高リスク青少年の双極性障害における遺伝的および神経解剖学的相関
DOI:10.1136/bmjment-2025-302006
アブストラクト
目的:双極性障害(BD)は、神経発達が活発な思春期に発症することが多い。しかし、遺伝的リスクや閾値未満症状から診断されたBDに至る神経生物学的基盤は依然として不明である。
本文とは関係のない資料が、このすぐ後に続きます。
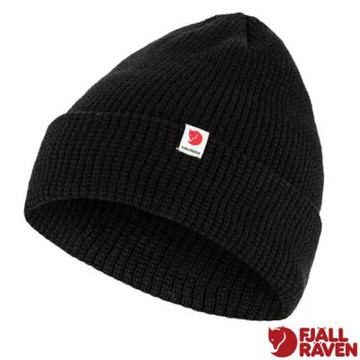 【Fjallraven 北極狐】Fjallraven Tab Hat 輕柔保暖快乾針織帽.毛線帽.休閒帽/帽沿可反摺/ 84767-550 黑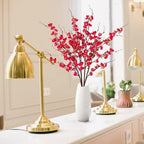 Sggvecsy Artificial Plum Blossom Flowers 4 Pcs Faux Cherry Blossom Stems Faux Silk Plum Blossom Branches 36.2’’ Fake Flowers Long Stems for Vase Arrangements Home Wedding Table Decor (Red) - Image 2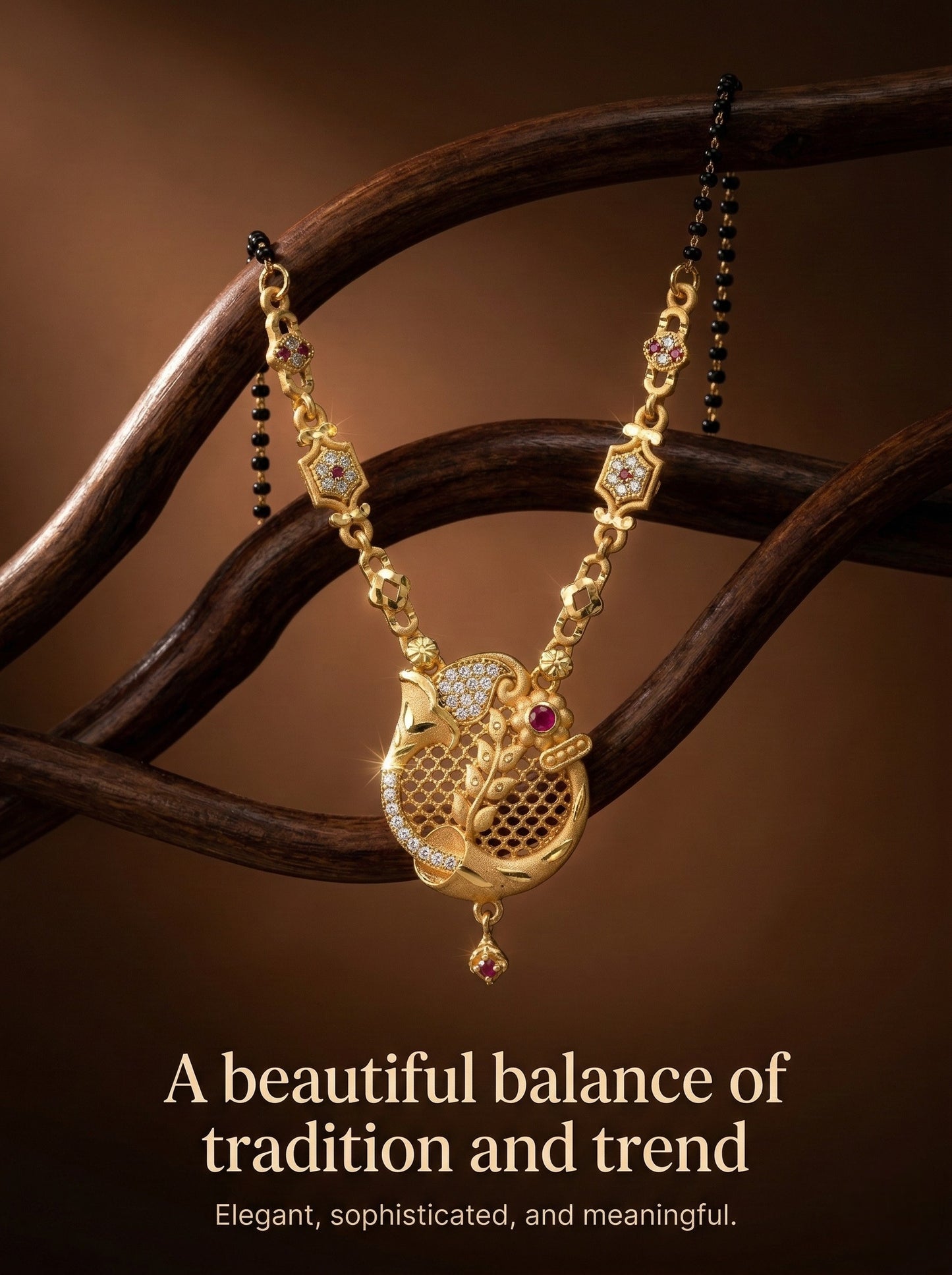 Meira Jewellery Traditional Mangalsutra for Women, Black Beads Chain with Pendant, Gold Plated Mangalsutra Necklace, Ethnic, Stylish Anniversary, Wedding, Festive Mangalsutra Jewellery for Women-05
方法: 私たちは、前駆期双極性障害の認識と早期介入コホート(NCT01863628)のデータを用いた横断的分析を実施した。対象は12~25歳の参加者392名(男女比均等)で、以下の5群に層別化された:BD患者の子孫で閾値下症状を有する群(OBDs、n=48)、閾値下症状を有しない群(nOBDs、n=63)、BDと診断された患者群(n=133)、健常対照群。 (OBDns、n=62)、双極性障害の家族歴はないが閾値下症状を有する個人(nOBDs、n=63)、双極性障害と診断された患者(n=133)、健常対照群(HCs、n=86)の5群に層別化された。高解像度T1強調画像とFreeSurfer V.7.3.2を用いて、健常対照群に対する皮質厚を評価した。 遺伝子発現パターンはAllen Human Brain Atlasから導出され、部分最小二乗回帰および遺伝子エンリッチメント解析を適用し、皮質変化と基盤となるトランスクリプトームプロファイルを関連付けた。
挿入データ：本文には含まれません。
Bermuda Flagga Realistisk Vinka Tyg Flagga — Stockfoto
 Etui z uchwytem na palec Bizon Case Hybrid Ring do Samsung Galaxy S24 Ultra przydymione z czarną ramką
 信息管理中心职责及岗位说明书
結果:横断的解析により、BDリスクスペクトル全体で段階的な皮質厚差が明らかとなり、BD患者が最も顕著な偏差を示し、閾値下症状を有する高リスク個体は対照群と比較して中間的な特徴を示した。皮質変化は空間的遺伝子発現パターン、特にミトコンドリアATP産生、酸化的リン酸化、シナプスシグナル伝達に関与する遺伝子と有意に関連していた。 遺伝子セットエンリッチメント解析により、双極性障害特異的な皮質薄化は興奮性シナプス経路および興奮性ニューロン関連遺伝子発現のダウンレギュレーションと相関することが明らかになった。一方、高リスク群では興奮性・抑制性ニューロンマーカー双方のアップレギュレーションが認められた。発達段階別トランスクリプトームエンリッチメント解析により、有意な遺伝子が小児期中期および思春期と関連付けられた。
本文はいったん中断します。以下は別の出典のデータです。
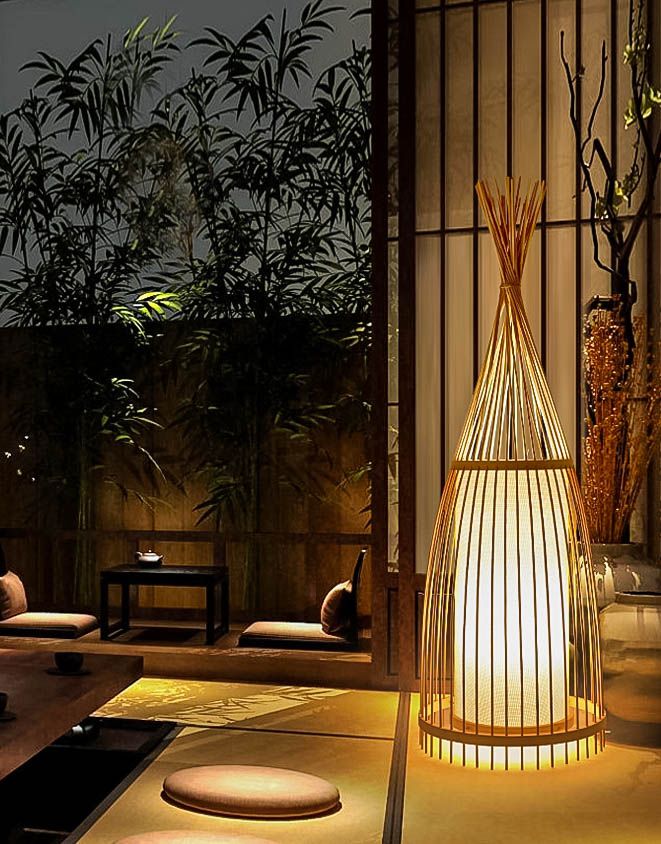 Handcrafted Bamboo Tapered Floor Lamp – Warm Ambient Light for Bedroom & Living Room Decor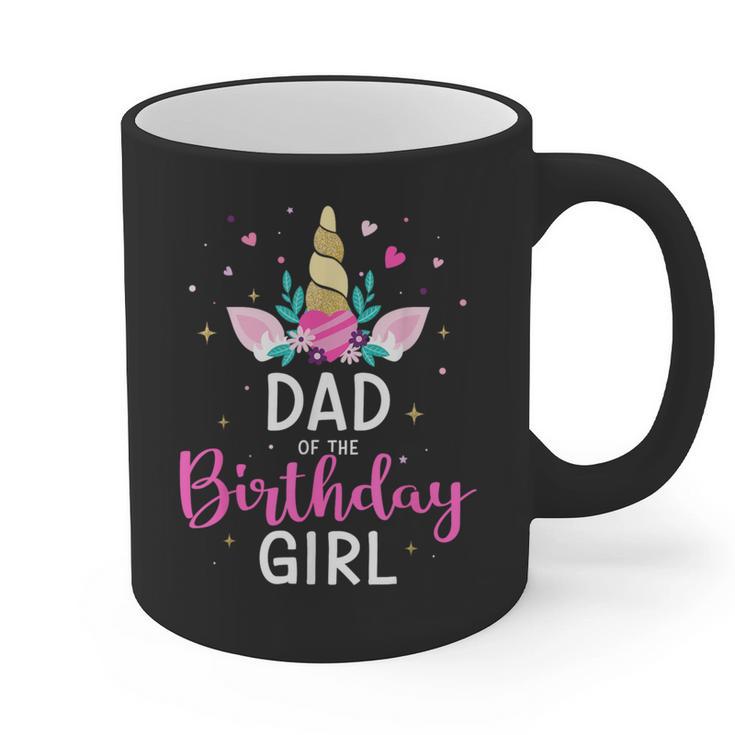 Dad Of The Birthday Girl Matching Family Unicorn Party Graphic Print Coffee Mug
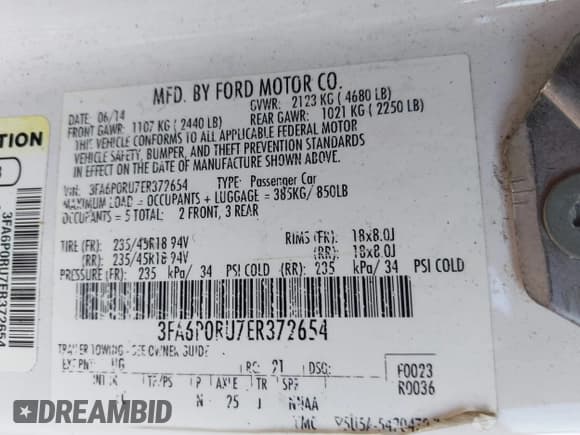 ✅ 2014 Ford Fusion Titanium Hybrid • VIN: 3FA6P0RU7ER372654 • Lot: 42862909. Listed on IAAI with Not provided. Free auction sales archive from the USA and detailed vehicle history report at DreamBid. Image 9.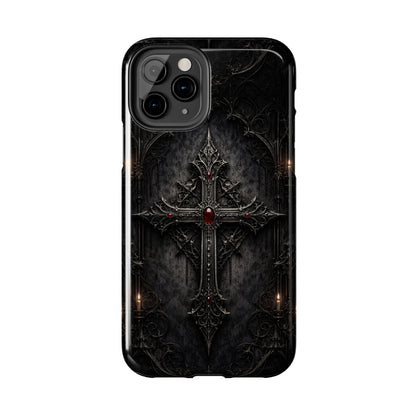 Gothic Cross Phone Case — Dark Medieval Armor with Red Gem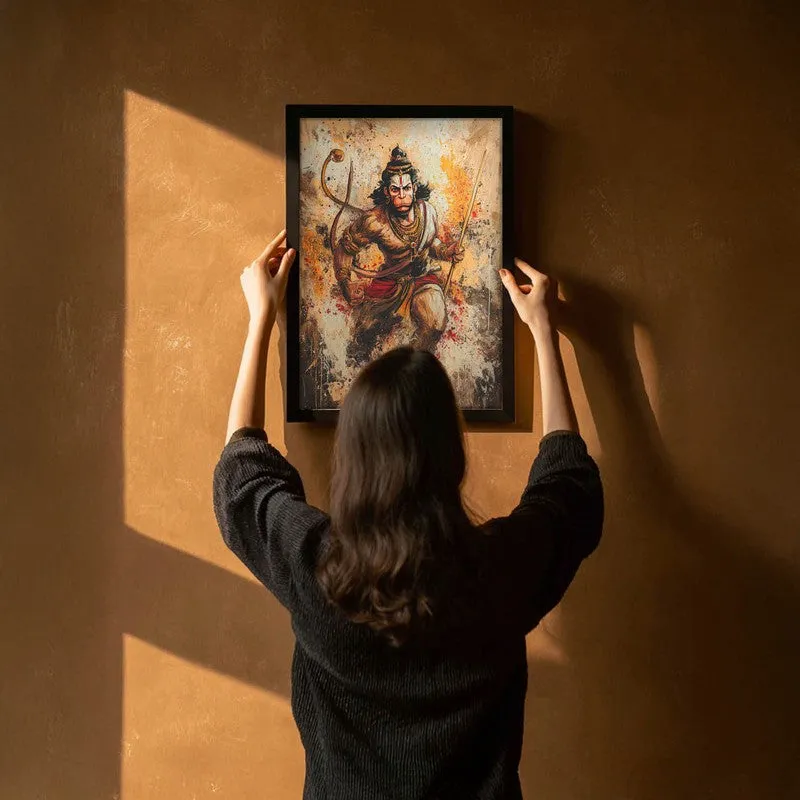 Hanuman Ji Warrior Form Archival Paper Wall Art media 6
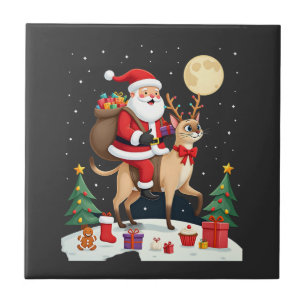 Santa Riding Reindeer Siamese Cat Christmas Tree L Ceramic Tile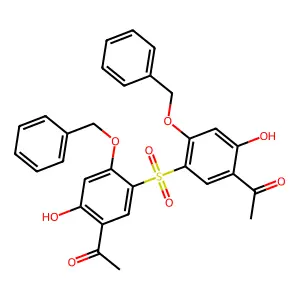 1-[5-(5-acetyl-4-hydroxy-2-phenylmethoxyphenyl)sulfonyl-2-hydroxy-4-phenylmethoxyphenyl]ethanone structure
考察:各段階で皮質薄化に関連する特異的なトランスクリプトームシグネチャを同定した本知見は、双極性障害の早期発見・介入におけるトランスクリプトームマーカーの可能性を強調する。臨床的意義:トランスクリプトームマーカーを用いた早期発見・介入の可能性を浮き彫りにし、これらのマーカーの同定がリスクのある青少年の予後改善につながることを示唆する。本研究は、双極性障害の早期スクリーニングと予防戦略を目的とした臨床実践および政策立案に貢献する可能性がある。